Authors: Joseph P. Lash
You have not in any [way] aggravated my burdens. I chose myself to do this because I felt it was important that we have a nominee in the Democratic party who had not only a chance of winning but a chance of giving us a good administration.
16
During the White House years, Mrs. Roosevelt had always been on guard against the wiles and stratagems that her husband had employed in pushing for his goals lest the objectives be compromised. That had especially been the case in regard to Negro rights. When she saw a thing to be done, she had charged ahead asking, “Why not?” FDR, being the politician, approached his objectives with a circumspection and care that often shaded into deviousness, biding his time, looking for cracks in the wall or ways around it before he went driving into it frontally.
17
But having committed herself to seeing Stevenson elected president, she showed that she, too, could be a fox as well as a lion—to invoke the distinction drawn by James M. Burns in his biography of FDR. In her approach to the civil rights issue, she displayed Franklin’s toughness and maneuverability in balancing the political necessity of not alienating the South against the moral imperatives of the Negro cause.
18
Civil rights groups, especially the NAACP, were beginning to make life hard for Democratic politicians, even the liberals among them. They were demanding that the federal government enforce the landmark Supreme Court decision of 1954 on school desegregation even if it meant the withholding of federal funds and the sending in of troops. In Congress, Rep. Adam Clayton Powell had introduced a rider to the school construction bill that would deny federal funds to the states that refused to comply with the Supreme Court’s decision—at that time, almost the whole South. Rep. Richard Bolling, former head of the American Veterans Committee and a liberal congressman from Kansas City, wrote Mrs. Roosevelt that “despite the fact that I have supported all civil rights measures in the House during my term of service, I have concluded that I must oppose this rider in the interest of enactment into law of the bill itself.” He had heard that she had taken the same position. Was that the case, and could he say so? When the school construction bill had been discussed by the NAACP board in the spring of 1955, she replied,
Walter Reuther and I asked the Board to allow it to be brought out of committee without an amendment, stating that the
Federal aid should only go to school construction in unsegregated areas. We had the promise of Senators Lehman and Hubert Humphrey that as soon as it reached the floor of the Senate they would amend it. They asked that this be done in order that there would be an open debate on the floor so the whole country would know what the argument was about and who the people were who were taking sides. Otherwise it would be killed in the Rules Committee and never reach the floor and no one in the country would know anything about it.

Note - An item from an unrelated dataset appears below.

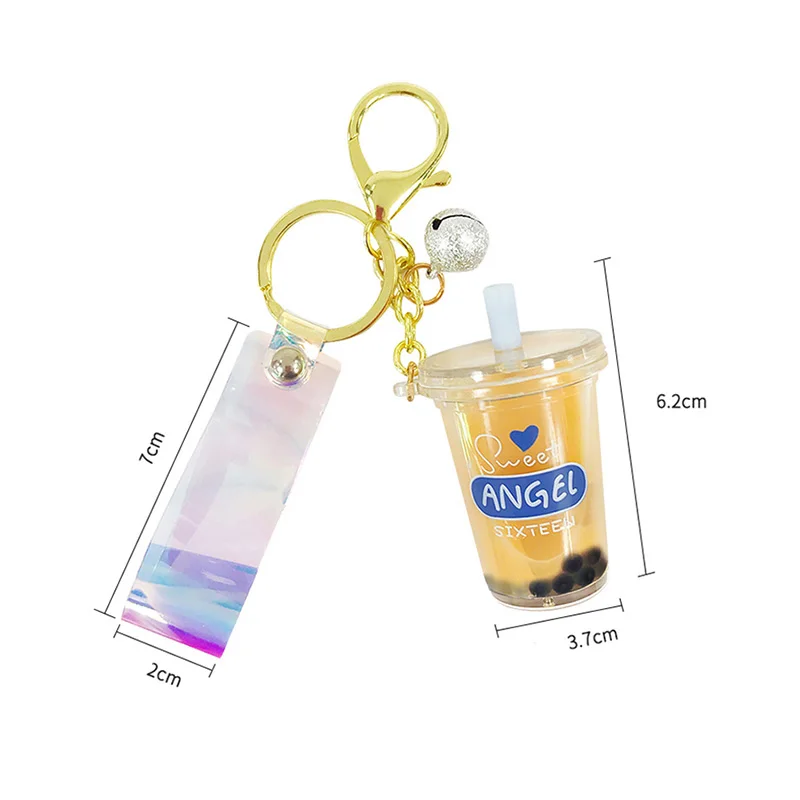 Модный акриловый брелок для ключей в форме чашки молочного чая движущаяся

The NAACP did not agree with our position at that time and therefore insisted that the rider should be attached in the Rules Committee.

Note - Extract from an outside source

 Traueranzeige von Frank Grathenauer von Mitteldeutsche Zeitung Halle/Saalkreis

She saw the dangers of a rider, she went on. It would invite a filibuster in the Senate and enable the Republicans to characterize the Congress, which was controlled by the Democrats, as a “do nothing” Congress.
So I think if I were a member of Congress, I would feel obliged to vote for the bill and prevent the amendment from being introduced if possible. I am, however, not a member of Congress nor a candidate for office. I have, therefore, an obligation, I think, to live up to the principles in which I believe. I believe that it is essential to our leadership in the world and to the development of true democracy in our country to have no discrimination in our country whatsoever. This is most important in the schools of our country. Therefore I feel personally that I could not ask to have this bill passed without an amendment since unless the situation becomes so bad that the people are worried about all education, I fear nothing will be done in the area of discrimination.
19
This answer was not wholly satisfactory. Although she was not a candidate for office, she was a principal backer of the Stevenson candidacy. He had to take a position on the Supreme Court
decision and the Powell rider. What should it be, and, if he did not satisfy the Negro leaders, where should she stand? Would she still refuse to accommodate principle to political realities? The problem soon confronted her. Stevenson, campaigning on the West Coast in early February, emphasized conciliation and gradualism. He did not believe that deeply rooted racial attitudes could be changed by “a stroke of a pen,” and he opposed “punitive (or coercive) action by the Federal Government.”
20
Roy Wilkins, who had succeeded Walter White as chief executive of the NAACP and top strategist of the civil rights movement, was outraged by Stevenson’s emphasis on “moderation.” “To Negro Americans ‘gradual’ means either no progress at all, or progress so slow as to be barely perceptible,” he wrote Stevenson, sending a copy of his letter to Mrs. Roosevelt.
21
She did not like his statement as reported in the press, she wrote Wilkins. She had had a long talk with Stevenson, had made a careful study of his record in the Navy and as governor of Illinois, and had satisfied herself that “his stand on civil rights is the correct one in every way. . . .We will need great wisdom and patience in the next few months, not hotheaded bursting into print.” To Walter White’s widow, who protested that liberal Democrats like Stevenson might be expected to express views as strong, at least, as those of the Republicans, Mrs. Roosevelt replied, “Yes, but Stevenson is our best friend and we should not run him down.”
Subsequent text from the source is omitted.